Sunday, October 12, 2025
Sunday Morning Bonus Pulp: All-Story Detective, December 1949
ALL-STORY DETECTIVE was a short-lived Popular Publications detective pulp that ran for six issues in the late Forties. This was the last issue under that title. The magazine became 15 STORY DETECTIVE but managed only eight issues under that title. But many of the covers were by Norman Saunders, including this "What the heck is going on here?" number, and there were some good authors in its pages. In this issue, those authors include Frederick C. Davis, Bryce Walton, Bruce Cassiday, and Stuart Friedman, as well as lesser-known authors Robert Carlton, Ed Barcelo, and Robert F. Toombs. Like most of the short-run pulps, I'm sure many of the stories were good and the magazines failed for other reasons.
Monday, October 14, 2024
Review: Hero Stuff - Frederick C. Davis (WINGS, February 1928)
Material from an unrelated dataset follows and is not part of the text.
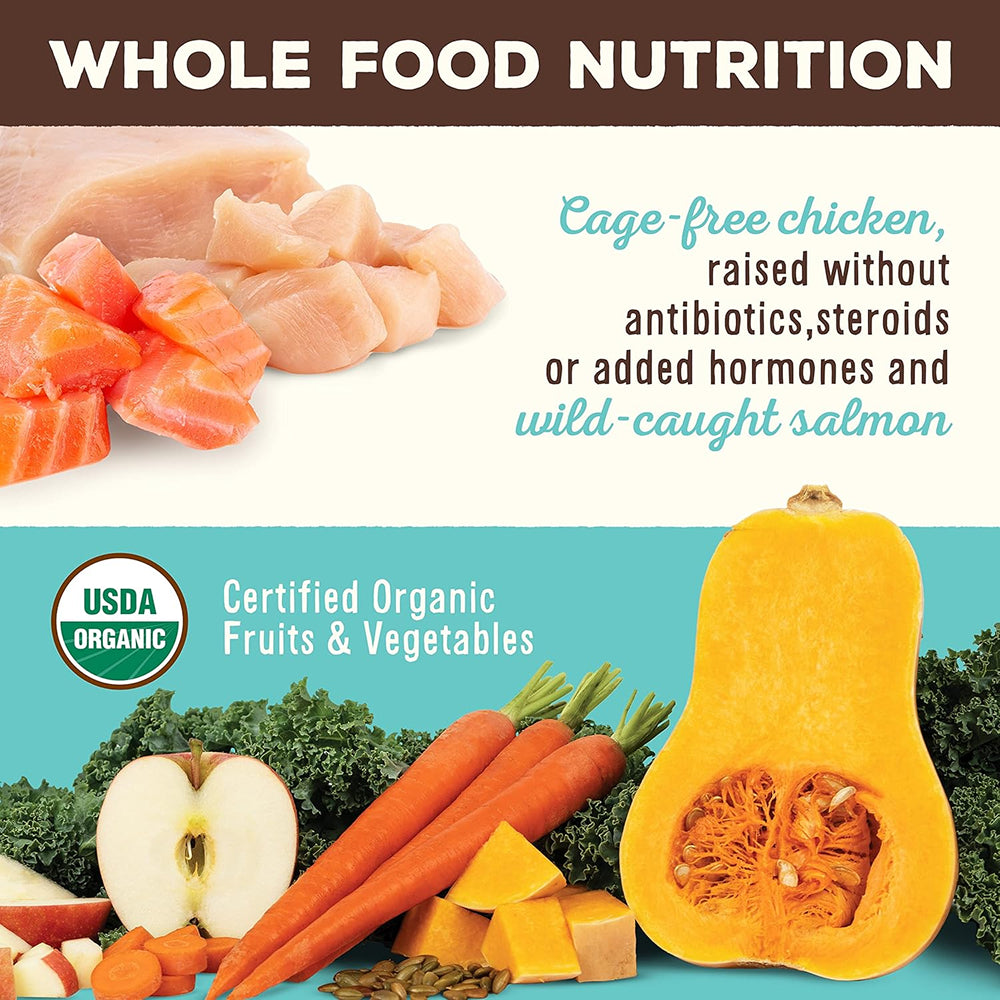 Freeze Dried Chicken & Salmon Nuggets Cat Food - Image 5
The Age of Aces website recently posted the short story “Hero Stuff” by Frederick C. Davis. Since Davis is one of my favorite pulp authors, I went ahead and read it. This is from the February 1928 issue of the aviation pulp WINGS. According to the Fictionmags Index, it’s the first of 20 stories featuring high-flying, two-fisted newsreel cameraman/pilot Nick Royce. In reading the story, it seemed to me like there might have been another one that came before it, and since this was in the second issue of WINGS, I suspect that Davis may have created Nick Royce specifically for the magazine’s debut issue and continued with him for a while. But lacking a copy of the January 1928 issue, there’s no way for me to confirm that, of course. Pure speculation on my part.
At any rate, “Hero Stuff” is narrated by Art Buckley, the head of the aerial
unit for the World News Reel Company, an outfit that flies out of an airfield
located on Long Island. As this story opens, the head of the company arrives
with an unexpected guest: a matinee idol from Hollywood who’s starring in a new
flying picture set during the Great War. The movie is all in the can except for
one stunt, and the World News Reel’s pilots are going to help the star and the
picture’s director pull it off. It involves the plane being flown by the star
going into a tailspin, causing him to have to bail out over No Man’s Land.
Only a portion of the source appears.